Our past was certainly all about the money. As soon as the Europeans discovered the Americas and determined that Native Americans weren’t going to submit to slavery, they went to Africa for their slaves. The first slave ship was dedicated to the Pope (Vatican) in 1516 A.D. for his blessing. He loved the idea, and so it began—349 years of pure hell (longer for our South American brothers). Slaves work as drones and require little food. They are expendable and can be replaced on a continuing basis. It wasn’t cheap labor, it was free labor that was forced on us. It was all about the money as farmers and every phase of the economy were enhanced through this travesty to our fellow man.
At the end of slavery in the United States, most slaves became sharecroppers, a little step up from slavery. It, too, was all about the money. Some found a way out by applying for a Homestead grant. The Homestead Act of 1862 was a system of granting plots of land, usually 160 acres to applicants willing to settle in new territories. Blanch Bruce of Mississippi, the first Black U.S. senator, would encourage free Blacks to take advantage of this. My grandfather, Tom Harry Alford, received his 160 acres in 1916. Prior to that, his father received his 160-acre land grant in 1901. They lived off that land—farming, hunting, fishing and selling what they didn’t use for themselves.
It was Booker T. Washington who told our people to stay where they are, work the land and get educated and whenever you can, start a business and do business with each other. He was telling us that America is built through capitalism and we must become capitalistic to prosper. We began to understand the importance of building wealth and being educated. So impressed were the leaders of White America that President Theodore Roosevelt invited him to the White House for dinner and discussion. There was an extreme backlash for having a Black man come to the White House to discuss business. Industrial tycoons such as Henry Ford and Andrew Carnegie were so impressed that they began funding his projects and encouraging him to proceed with his dream. Washington built Tuskegee Institute as an example to quality education. The Ford Foundation still provides funding to the school. He also started the National Negro Business League, a forerunner to the National Black Chamber of Commerce.
There was an organized effort to stop the progress that was being made. White progressive groups from up North started new rival organizations such as the NAACP and National Urban League to promote government guidance for Blacks. Others had harsher plans such as burning business sectors in Black communities such as Greenwood, Oklahoma and Durham, N.C. The Ku Klux Klan became a major organization and had the blessings of President Woodrow Wilson. They even marched in Washington, D.C. with no fear.

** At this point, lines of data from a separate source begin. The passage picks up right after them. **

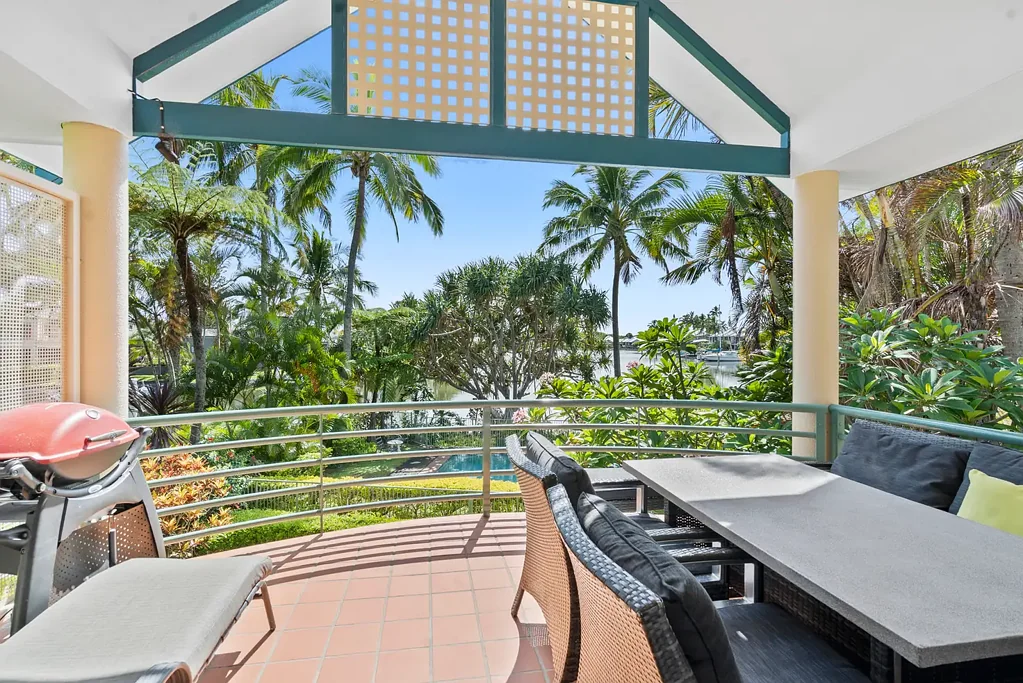 Tweed Heads 3Zimmer Prestigious Anchorage Island Three Bedroom Apartment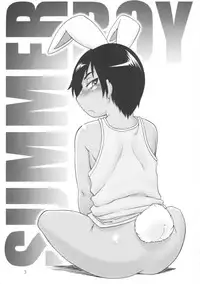 (C77) [Flash Point (Aoi Takayuki)] Natsu Shounen - Summer Boy (Summer Wars)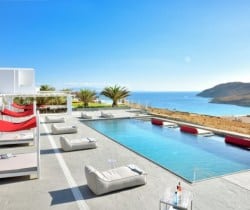 Villa Hali-Swimming pool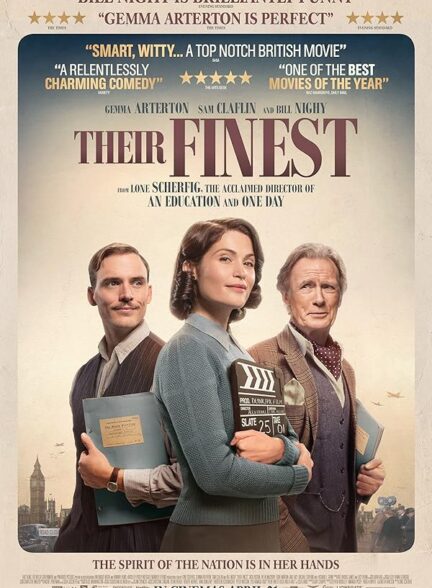 دانلود فیلم بهترین آنها | Their Finest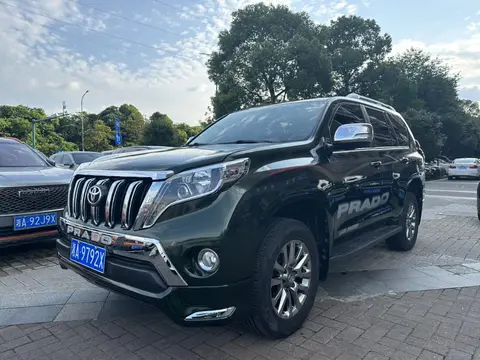 Toyota Prado 2016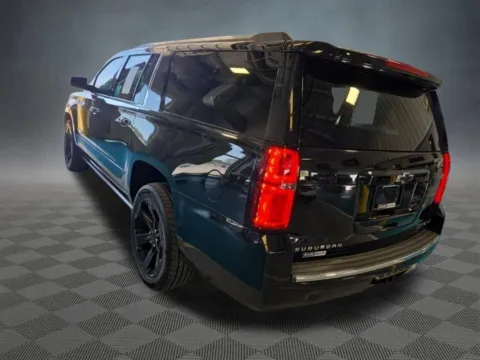 Photos of 2017 Chevrolet Suburban Premier for sale in Colorado Springs, CO at McCloskey Truck Town (Licensed as McCloskey Motors Inc.)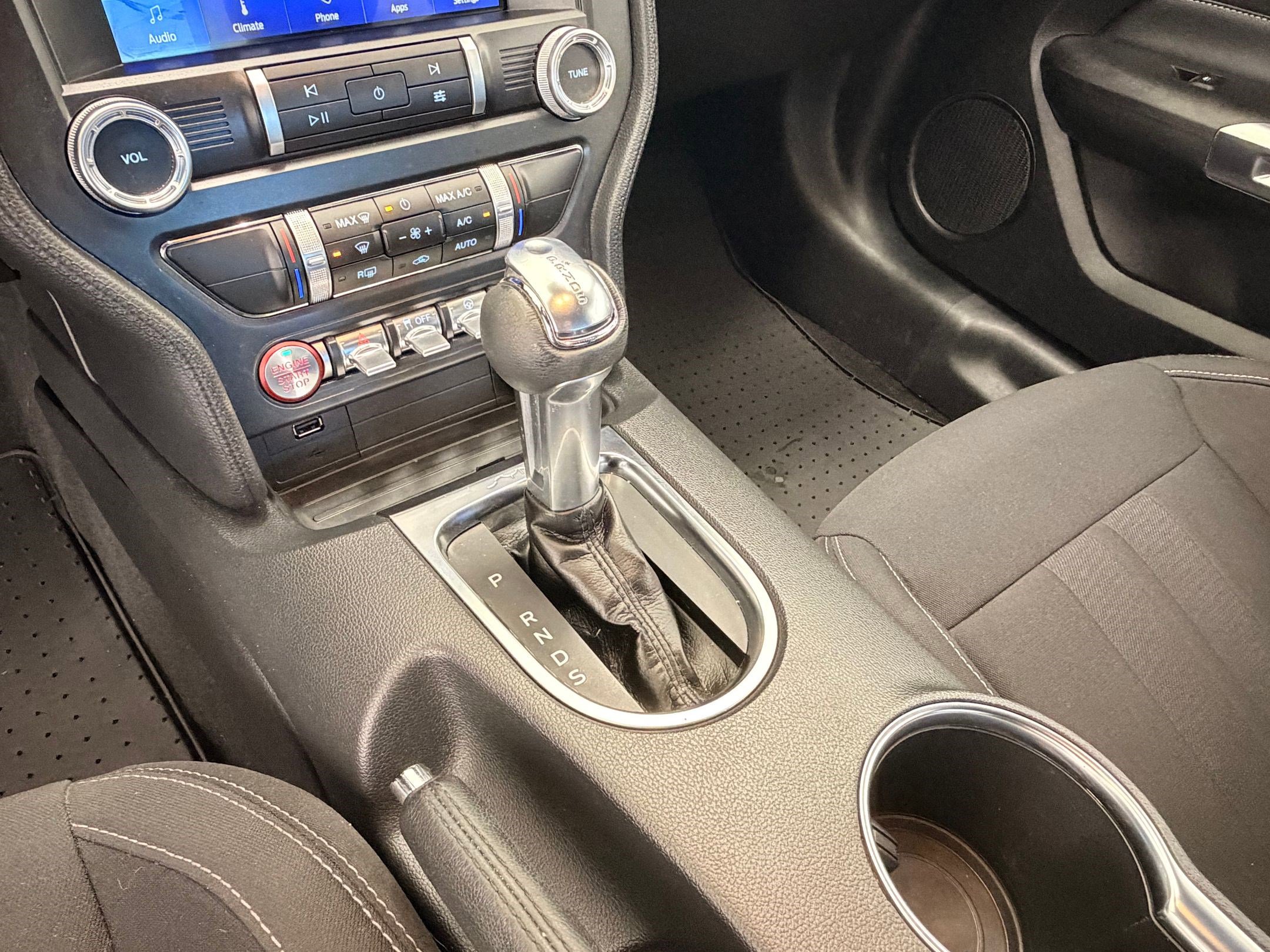 Certified 2023 Ford Mustang EcoBoost w/ Equipment Group 101A image 16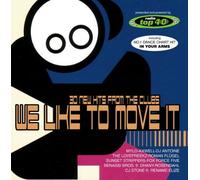 Various - We Like To Move It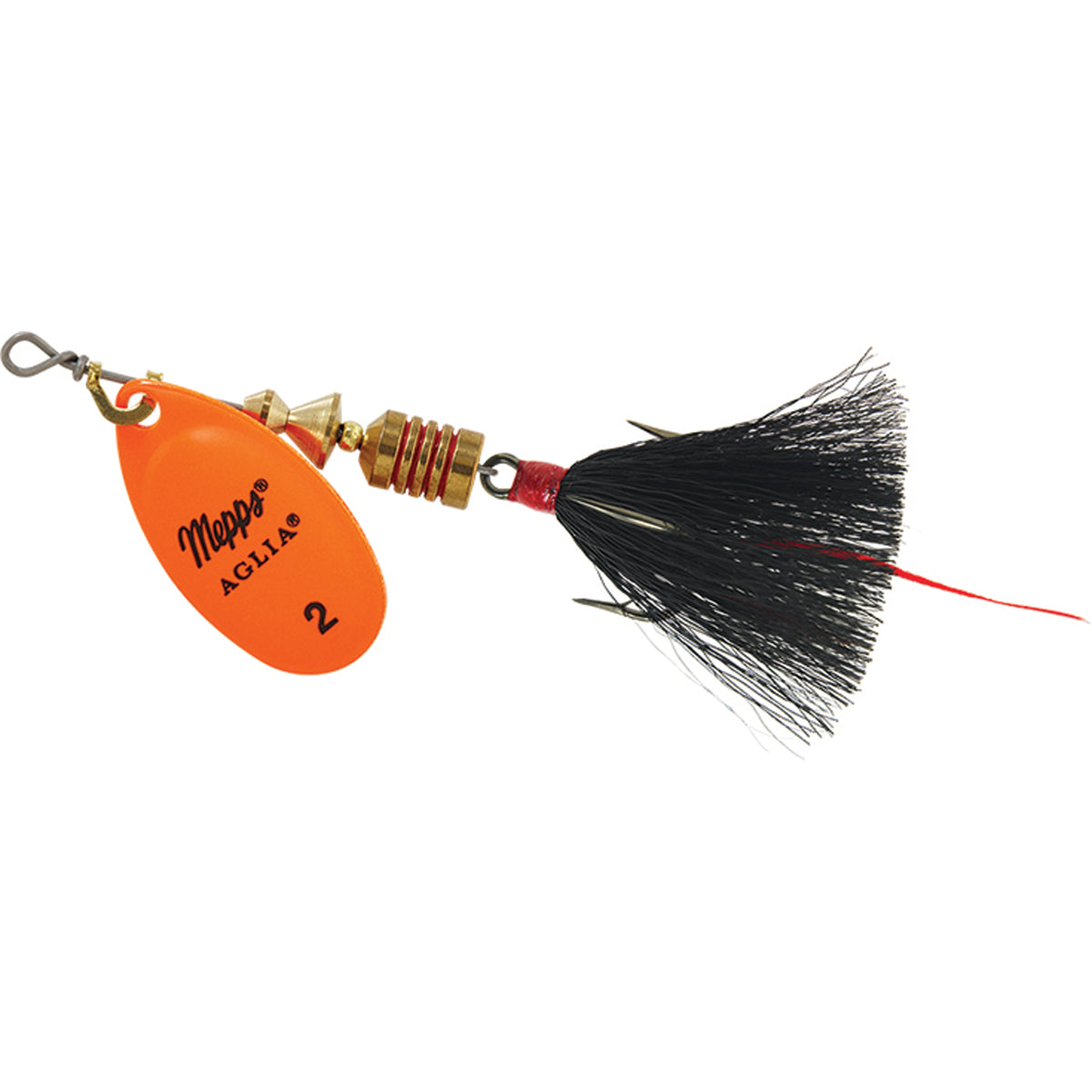 Mepps Aglia Dressed Spinner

Blacks were soon being encouraged to become comfortable with living poor and being third class citizens. Booker T. Washington noticed another phenomenon among the Black population: “There is a class of colored people who make a business of keeping the troubles, the wrongs and the hardships of the Negro race before the public. Having learned that they are able to make a living out of their troubles, they have grown into the settled habit of advertising their wrongs—partly because they want sympathy and partly because it pays. Some of these people do not want the Negro to lose his grievances, because they do not want to lose their jobs.”
Oh, how this still rings true today.
We need to turn back to education and entrepreneurship. The lessons taught to us by Booker T. Washington still apply today. We need economic parity. Our businesses have annual revenue of $136 billion. If there was parity, that annual revenue would be $1.4 trillion. Our businesses hire 910,000 workers but if we had parity we would hire 7.1 million workers. We have 1.9 million Black-owned businesses but with parity we would have 3.3 million firms. These demographics are the courtesy of the U.S. Department of Commerce’s Minority Business Development Agency.
Black business has come a long way over the last 30 years, but we have many miles to go before we stop being mired in poverty and economic abuse from all sides. For one thing, we could start doing business with one another. The University of Georgia states that as consumers we have disposable income of more than $1 trillion. Yet our businesses only produce $136 billion in sales. I know Mercedes, Rolex and other White-owned companies like our disposable income but we need to take care of ourselves. “God bless the child who has his own” sang the great Billie Holliday. My people, please remember that our future must be all about the money.